### [Task]
Using the entries below, show all lines with the string "Black".

### [Material provided]
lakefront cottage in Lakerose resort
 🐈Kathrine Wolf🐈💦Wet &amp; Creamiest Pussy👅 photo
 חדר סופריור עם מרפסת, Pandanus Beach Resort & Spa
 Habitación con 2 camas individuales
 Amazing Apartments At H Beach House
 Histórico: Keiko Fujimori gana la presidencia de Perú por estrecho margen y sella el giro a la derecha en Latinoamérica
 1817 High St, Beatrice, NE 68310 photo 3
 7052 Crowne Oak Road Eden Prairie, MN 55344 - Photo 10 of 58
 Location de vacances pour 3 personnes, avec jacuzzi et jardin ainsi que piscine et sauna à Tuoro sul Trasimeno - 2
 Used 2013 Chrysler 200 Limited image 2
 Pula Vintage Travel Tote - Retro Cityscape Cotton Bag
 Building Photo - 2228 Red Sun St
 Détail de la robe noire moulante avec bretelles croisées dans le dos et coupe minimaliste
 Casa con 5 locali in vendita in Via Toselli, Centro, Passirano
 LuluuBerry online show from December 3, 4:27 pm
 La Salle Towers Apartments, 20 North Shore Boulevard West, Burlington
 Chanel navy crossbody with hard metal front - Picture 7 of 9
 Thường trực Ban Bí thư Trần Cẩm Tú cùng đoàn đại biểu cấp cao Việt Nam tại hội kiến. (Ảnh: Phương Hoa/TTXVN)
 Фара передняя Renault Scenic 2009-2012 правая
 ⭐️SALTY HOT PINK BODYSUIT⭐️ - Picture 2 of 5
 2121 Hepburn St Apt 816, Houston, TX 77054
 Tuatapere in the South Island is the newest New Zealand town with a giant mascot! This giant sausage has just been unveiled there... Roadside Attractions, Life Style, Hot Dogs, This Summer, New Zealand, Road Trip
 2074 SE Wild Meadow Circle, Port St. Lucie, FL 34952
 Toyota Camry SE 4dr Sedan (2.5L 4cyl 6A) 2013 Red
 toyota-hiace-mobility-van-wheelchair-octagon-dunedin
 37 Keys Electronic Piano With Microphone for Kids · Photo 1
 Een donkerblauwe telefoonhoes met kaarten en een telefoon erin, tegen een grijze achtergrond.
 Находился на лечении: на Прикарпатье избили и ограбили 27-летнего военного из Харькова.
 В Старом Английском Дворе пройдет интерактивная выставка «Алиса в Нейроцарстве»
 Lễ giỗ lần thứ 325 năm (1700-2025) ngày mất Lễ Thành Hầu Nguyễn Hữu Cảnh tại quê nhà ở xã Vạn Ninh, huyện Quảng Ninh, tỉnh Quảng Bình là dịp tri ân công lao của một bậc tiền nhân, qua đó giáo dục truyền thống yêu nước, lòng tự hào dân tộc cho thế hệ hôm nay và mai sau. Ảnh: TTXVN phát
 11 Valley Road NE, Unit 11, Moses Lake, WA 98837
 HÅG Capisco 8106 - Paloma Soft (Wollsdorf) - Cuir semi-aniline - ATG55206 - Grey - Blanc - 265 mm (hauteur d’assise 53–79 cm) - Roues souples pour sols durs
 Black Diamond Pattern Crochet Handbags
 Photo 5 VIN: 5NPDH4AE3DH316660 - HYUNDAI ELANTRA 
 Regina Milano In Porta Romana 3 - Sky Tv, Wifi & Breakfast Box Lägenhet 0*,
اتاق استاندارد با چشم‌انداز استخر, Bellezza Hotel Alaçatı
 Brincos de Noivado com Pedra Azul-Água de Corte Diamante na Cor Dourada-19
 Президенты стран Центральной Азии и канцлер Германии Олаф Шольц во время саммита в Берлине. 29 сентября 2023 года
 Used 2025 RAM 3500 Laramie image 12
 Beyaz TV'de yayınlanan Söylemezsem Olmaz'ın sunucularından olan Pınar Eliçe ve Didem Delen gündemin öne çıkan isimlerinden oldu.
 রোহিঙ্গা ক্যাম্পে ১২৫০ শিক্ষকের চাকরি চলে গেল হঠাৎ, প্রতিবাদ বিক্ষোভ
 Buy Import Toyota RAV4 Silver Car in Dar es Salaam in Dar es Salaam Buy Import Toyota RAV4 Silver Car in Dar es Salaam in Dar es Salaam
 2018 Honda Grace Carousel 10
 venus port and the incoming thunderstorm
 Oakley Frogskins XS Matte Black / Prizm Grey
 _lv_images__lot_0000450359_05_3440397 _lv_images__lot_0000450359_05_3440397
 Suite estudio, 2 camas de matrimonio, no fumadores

### [Solution below]
 Black Diamond Pattern Crochet Handbags
 Oakley Frogskins XS Matte Black / Prizm Grey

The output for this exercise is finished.